Group CEO Daniel Mminele urged customers who can continue making their loan repayments, to do so. “This will enable us to extend these measures to many more who are not in a similar position,” he says.
In addition to the reduction or suspension of repayments, Nedbank says affected customers can apply for:
- A rearrangement of the current monthly repayment schedule, which may result in an increase of the original loan term.
- A withdrawal from any investment funds with Nedbank or Nedbank Investments without any penalty charges, up to a maximum penalty charge of R200,000. For example, if you have a fixed deposit account, you will be able to access your savings in that account without any penalty fees.
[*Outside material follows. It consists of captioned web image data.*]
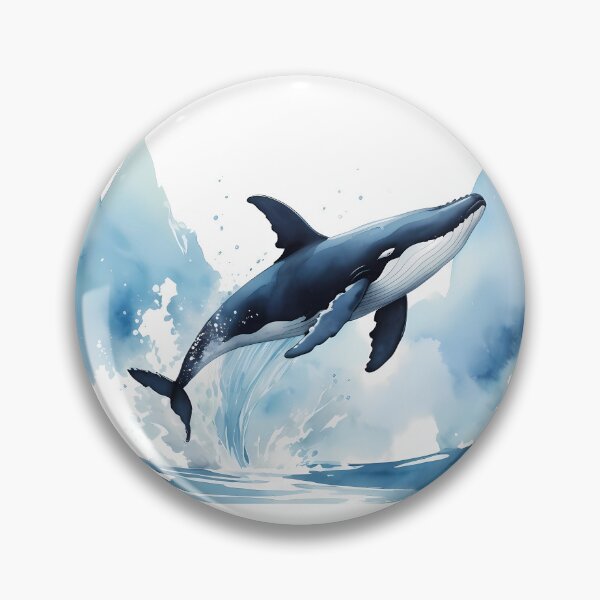 Item preview, Ink wash painting, a whale soaring through the air designed and sold by DevushkaStore.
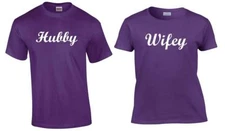 Couple Matching T-Shirts Purple Hubby Wifey Love Husband Wife Couples Tees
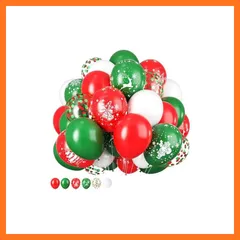 【新品】 クリスマス バルーン 風船 飾り付け 30個入 12インチ ラウンド プリント ゴム風船 CHRISTMAS パーティー イベント 学園祭 文化祭 玄関 お部屋 店舗装飾 写真背景 お祭り レッド グリーン ホワイト 紙吹雪風船 6色アソート 0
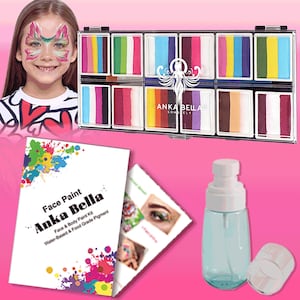 Paleta de pintura facial vibrante de 12 colores con atomizador: segura para uso profesional, no tóxica, perfecta para Halloween, carnaval y cosplay.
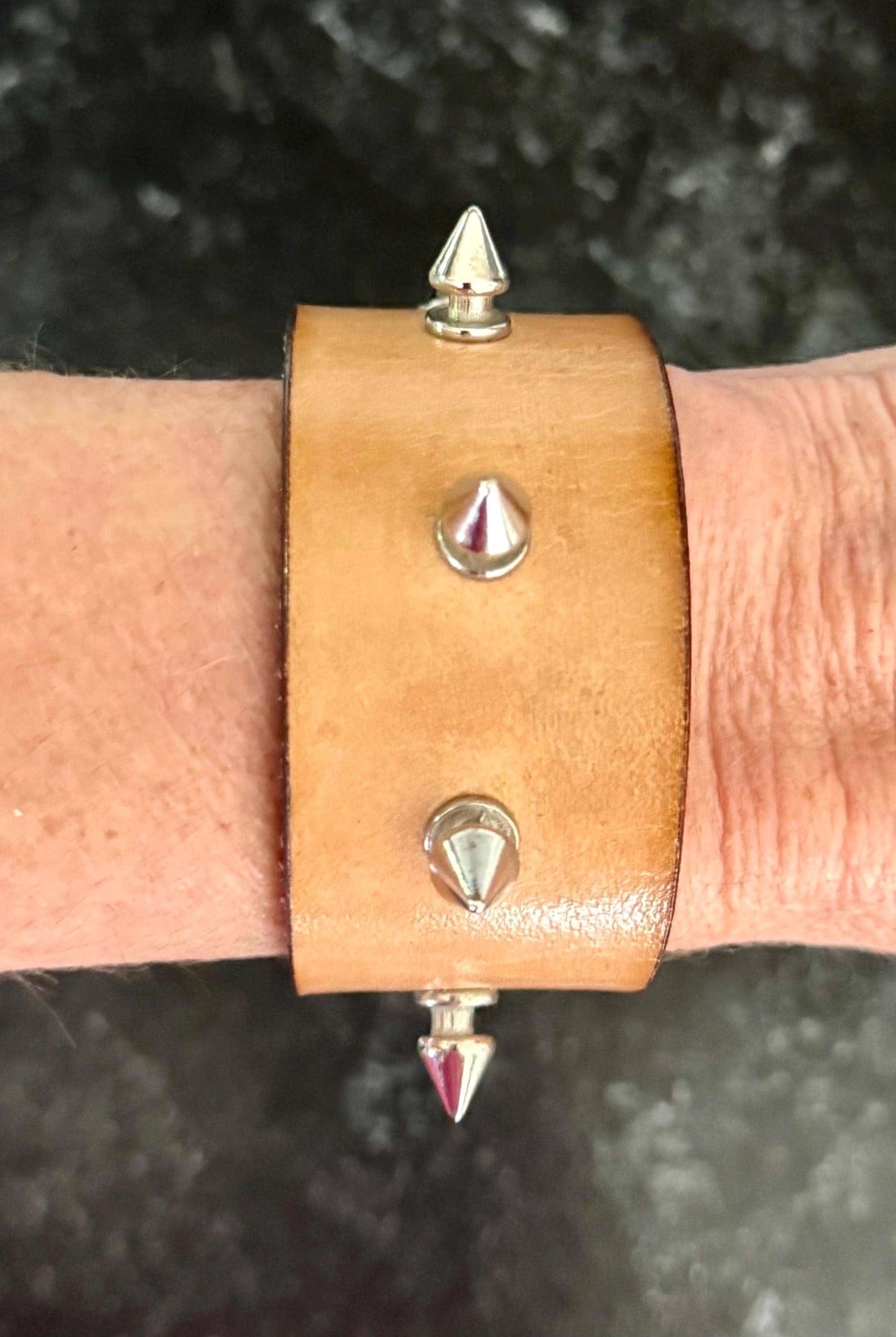 Custom Studded Tan Leather Cuff: Spiked Punk Bracelet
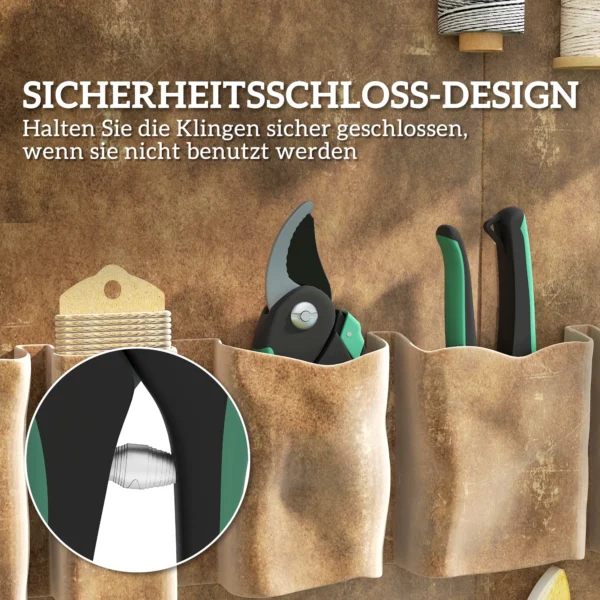 Tuinwerktuig set 2 stukken tuin gereedschap van metaal tuinapparatuur met bypass tuinschaar aambeeld tuinschaar tuinwerk set tuincadeaus voor vrouwen en mannen groen+zwart 8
- The minimum repayments on all credit cards have been reduced to 2.5% from 5%.
Ciko Thomas, managing executive of Nedbank retail and business banking, says you must maintain your insurance premiums. In some cases, insurance premiums could be capitalised onto the loan amount, thus covering the loan, he says.
The Banking Association SA (Basa) says that the banks will collectively waive all Saswitch fees so you can withdraw cash from any bank ATM, regardless of where you bank. In some cases, this may not be implemented immediately, but fees charged in the next few days will be refunded, Basa says.
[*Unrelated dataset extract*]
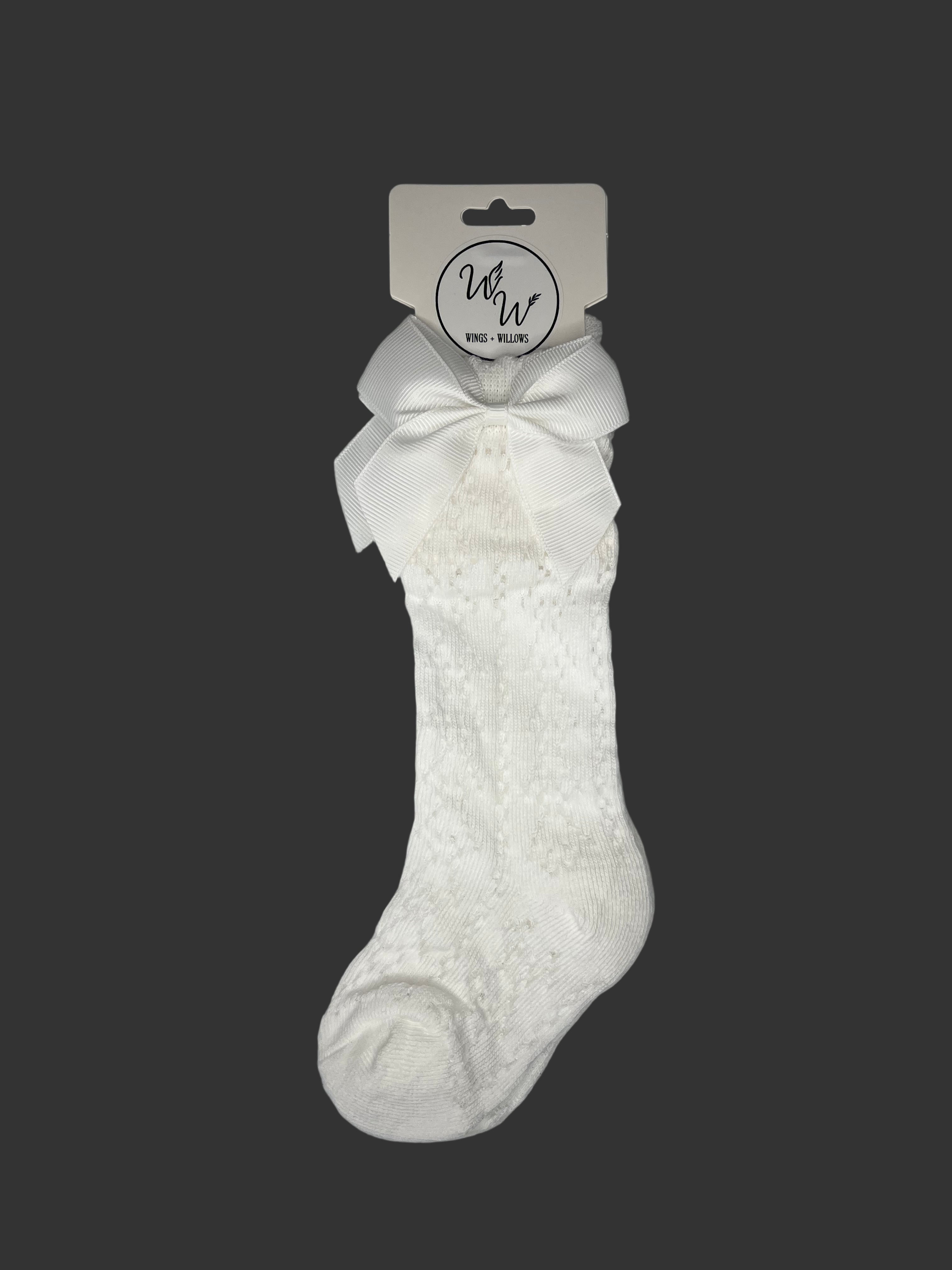 Bow Knit Knee-High Socks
Do you get paid during the lockdown period?
Only those providing essential services can continue working during the lockdown — these include supermarkets, fuel stations and those in financial services. Where employees can work from home, they are encouraged to do so and, in those instances, they will receive their full salaries.
However, the biggest impact is on stores providing non-essential services including retail clothing stores, hotels, airlines, and small businesses such as hairdressers, beauticians, car wash services and estate agents — all of whom face either reduced or no income.
Some employers are continuing to pay salaries during the 21-day lockdown period while others have adopted a no-work, no-pay principle.
According to law firm, Webber Wentzel, a government-imposed lockdown or quarantine can be construed as a force majeure or a circumstance where your employer is unable to fulfil its obligations and is then able to implement a no work-no pay principle.